One day while she was driving to her job with NASA something reminded her that she had promised herself to help kids who had been like her growing up.

She said the first thing she did was go to the Athens mayor, which was Dan Williams, at the time.

“I told him my story and I said I want to help kids like me in the community who didn’t graduate with their peers, but yet still have a dream and hope, want to succeed, want a little something beyond high school in terms of education,” she said. “He said, ‘You know what? I’m going to champion behind you.”

That’s when she decided to partner with the schools to keep her work community-based. She said she wanted the students to write an essay about things they had to overcome and the steps they used to do that.

“A lot of times those steps can be recycled. We just don’t think about it,” she said. “That’s why I want them to apply the steps behind what they did to overcome that situation.”

She said that year she and her husband gave out the first three $500 Unsung Heroes scholarships using their vacation money that they had saved up. They brought them together to give them senior portraits and read their teacher recommendations.

“Its been 20 years now, but we’ve gone from three, to this year we gave away over $10,000,” she said.

The best part about it she said is that they’ve never had to get any kind of corporate sponsorship. All the money just comes from people who have offered to give her money for the scholarships here and there. That’s one of the reasons she said she keeps her scholarship banquet open to the public so that anyone can come.

“God has allowed our organization to take two fish and five loaves and just feed a multitude,” she said.

She said a few years ago, a man told her to look around the room at one of her scholarship banquets because she had every race there.

“I said it wasn’t strategic.
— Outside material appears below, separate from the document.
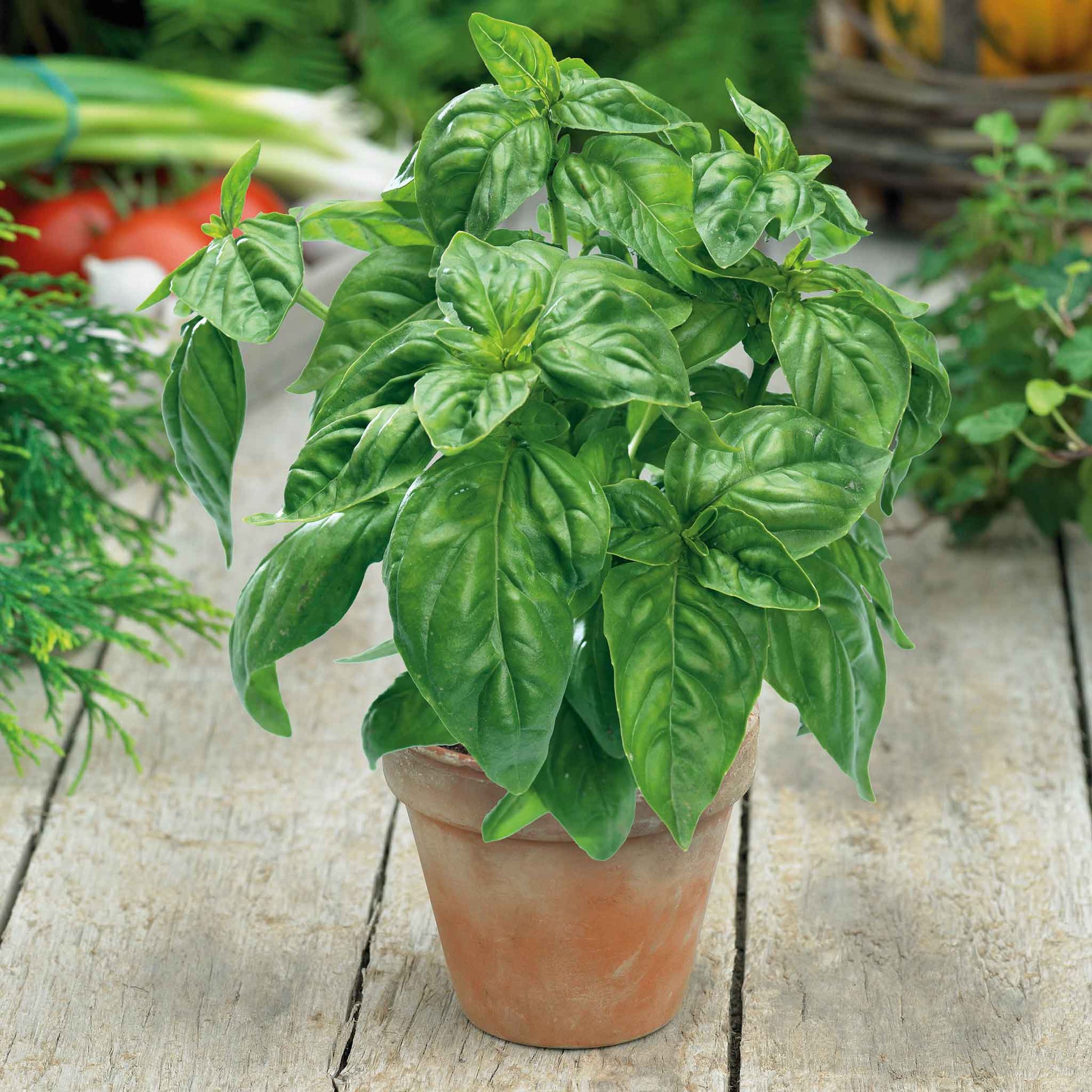 pots for basil plants Bulk Basil Seeds - Large Sweet for Pots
I can’t take credit for none of that,” she said. “I have started looking around and it’s just amazing to me how, I mean, it is a representation of our entire community.”

She said she feels like the community is growing in a new direction.
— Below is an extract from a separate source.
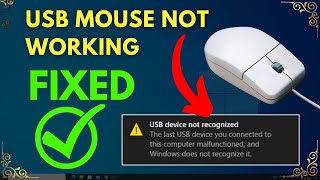 Mouse Not Working Windows 10 Solved  Fix USB Mouse Not Working in Laptop [upl. by Allenaj]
“You got to celebrate the baby steps in order to understand where you come from and where you’re going,” she said.

In the early 2000s, she started a Unity in the Community event after working to win a video contest to bring gospel singer Canton Jones to Athens. At that event, she said 60 kids gave their life to Christ. She said she still holds the event every other year.

She’s still coming up with new ideas, too. She said that they have a core board but MTM is volunteer based for all of their community work.

“When God gave me the vision, he told me, never worry about that,” she said. “He said your motto will be pencil in where you fit in for when your season is up take that eraser, erase your name and move on with no condemnation.”

She said that’s what she does for the community. She said she’ll be there where she needs to be.

“I was always a dreamer,” she said it was her grandmother who helped her to dream from a young age. She even once asked her how much money she wanted to make one day. She told her she wanted to make the amount in thousands that equaled her age.

“I remember when I was 19 … I’ll never forget this. I made $19,000 that year with overtime,” she said amazed at how things have continually come together in life like this.

For all everyone out there, she said her best advice comes exactly from what her grandmother taught her.

“Dream but protect,” she said. “Carefully share your vision.”

And her long term vision right now, she was kind enough to share. She wants to help build affordable housing. It’s kind of full circle in that way since Habitat helped her parents. She said she doesn’t want to get in their way but to be more of a bridge to market to those they aren’t able to help.

“I want to do a younger clientele — especially those who are aging out of foster care and they don’t have nowhere to go,” she said. “Because there is a true gap in homelessness.”

Just like the house on Mayberry Drive that she grew up in, open to all.